Department of Quantitative Health Sciences, Center for Individualized Medicine, Mayo Clinic, Rochester, MN, USA.
Child Study Center, Yale University, New Haven, CT, USA.
Science. 2022 Jul 29;377(6605):511-517. doi: 10.1126/science.abm6222. Epub 2022 Jul 28.
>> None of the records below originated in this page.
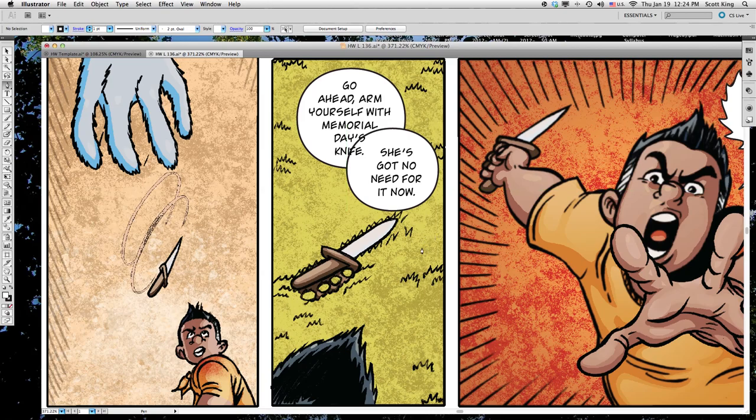Technically speaking, for this scene, this is actually being spoken by an off-screen or off-panel character. But for this demonstration, I'm just going to pretend the guy at the bottom is speaking.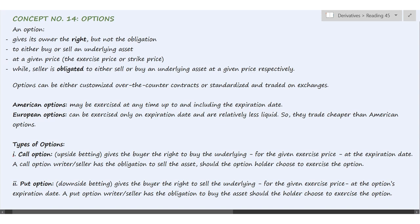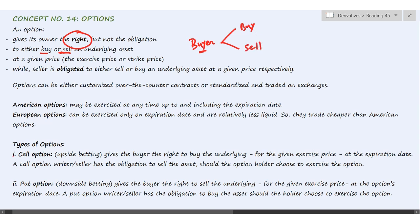Concept number 14: Options. Options are contingent claims which give the owner the right but not the obligation. The buyer has a choice — either it can buy or sell an underlying asset at a given price called the exercise price or strike price. The seller, on the other hand, is obligated to either sell or buy. If the buyer wants to buy, then the seller will have to sell the underlying, and vice versa.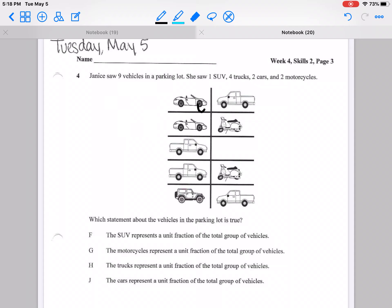Number 4. Janice saw 9 vehicles in a parking lot. She saw 1 SUV, 4 trucks, 2 cars, and 2 motorcycles. Which statement about the vehicles in the parking lot is true? F: the SUV represents a unit fraction of the total group of vehicles. G: the motorcycles represent a unit fraction. H: the trucks represent a unit fraction. J: the cars represent a unit fraction.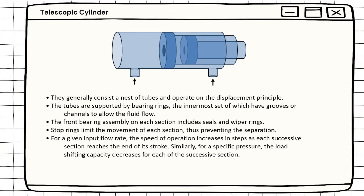Now I'm going to talk on telescopic cylinder. They generally consist of nests of tubes and operate on the displacement principle. The tubes are supported by bearing rings. The front bearing assembly on each section includes seals and wiper rings. A stop ring limits the movement of each section, thus preventing separation. For a given input flow rate, the speed of operation increases in steps as each successive section reaches the end of each stroke. Similarly, for a specific pressure, the load carrying capacity decreases for each of the successive sections.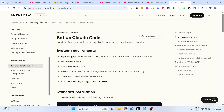Hello guys, welcome to this video. In this video I'll show you how to install and set up Claude Code CLI inside your Windows machine. Claude is a very famous AI solution for programming and coding.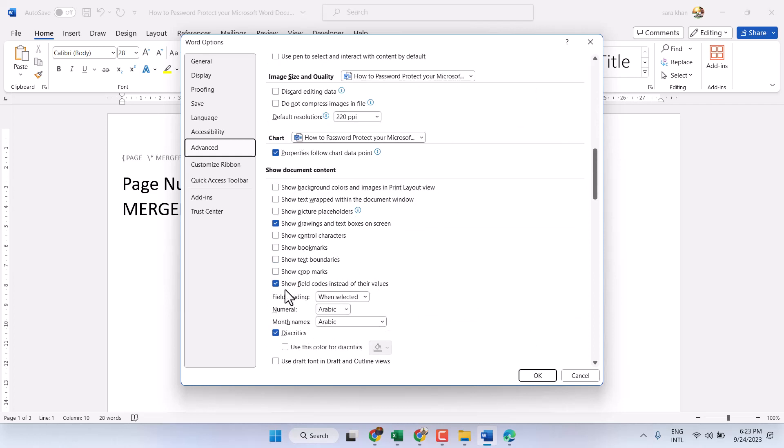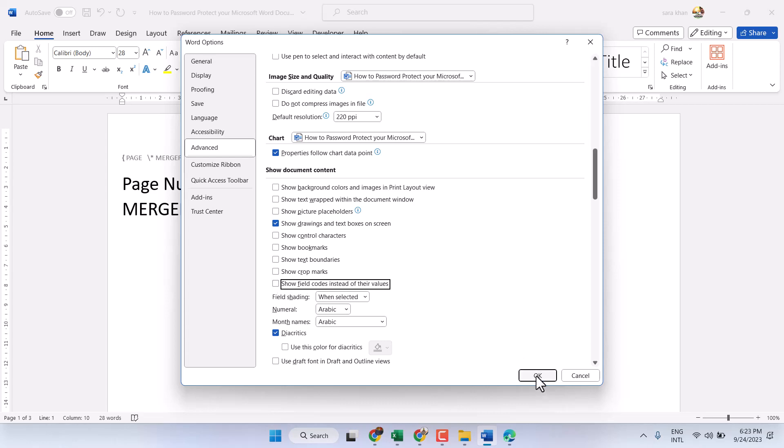You see this setting Show Field Codes. Unselect this box. Now click on OK.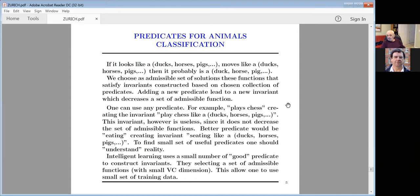One invariant can decrease the set of functions a lot. Recall the predicate for animal classification: if it looks, moves, and sounds like a dog-horse-pig, then it probably is. You choose the admissible set of solutions as those functions satisfying invariants constructed from your collection of predicates. Adding a new invariant decreases the set of admissible functions. Then it requires fewer examples to learn. Any predicate is formally okay, but some are useless — not decreasing the set of functions.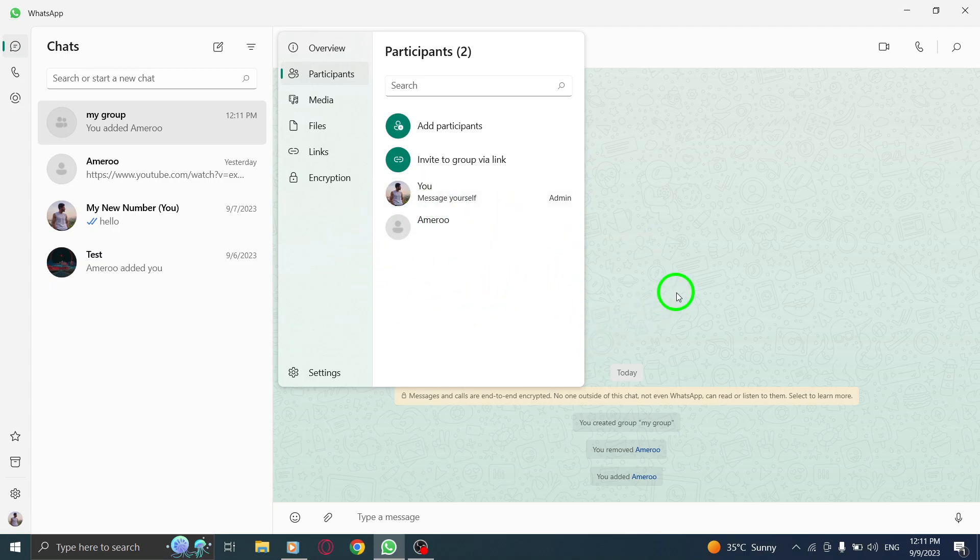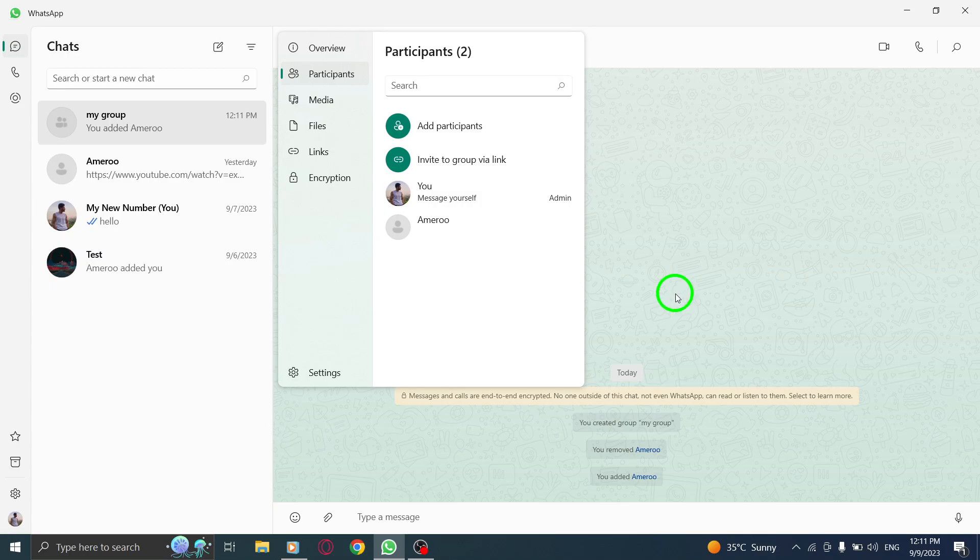Wasn't that simple? Now you can easily manage your groups and connect with more people on WhatsApp using your PC.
We analyzed 131 human brains (44 neurotypical, 19 with Tourette syndrome, 9 with schizophrenia, and 59 with autism) for somatic mutations after whole genome sequencing to a depth of more than 200×. Typically, brains had 20 to 60 detectable single-nucleotide mutations, but ~6% of brains harbored hundreds of somatic mutations. Hypermutability was associated with age and damaging mutations in genes implicated in cancers and, in some brains, reflected in vivo clonal expansions. Somatic duplications, likely arising during development, were found in ~5% of normal and diseased brains, reflecting background mutagenesis. Brains with autism were associated with mutations creating putative transcription factor binding motifs in enhancer-like regions in the developing brain. The top-ranked affected motifs corresponded to MEIS (myeloid ectopic viral integration site) transcription factors, suggesting a potential link between their involvement in gene regulation and autism.
我们对 131 个人类大脑(44 个神经典型,19 个妥瑞氏症,9 个精神分裂症,59 个自闭症)进行了全基因组测序深度超过 200 倍的体细胞突变分析。通常,大脑中有 20 到 60 个可检测的单核苷酸突变,但大约 6%的大脑存在数百个体细胞突变。超突变性与年龄和癌症相关基因中的有害突变有关,在一些大脑中,反映了体内克隆扩展。大约 5%的正常和患病大脑中发现了体细胞重复,这可能是在发育过程中产生的,反映了背景突变。自闭症相关的大脑与在发育中的大脑中的增强子样区域中产生潜在转录因子结合基序的突变有关。排名最高的受影响基序与 MEIS(髓系异位病毒整合位点)转录因子相对应,这表明它们在基因调控中的参与与自闭症之间存在潜在联系。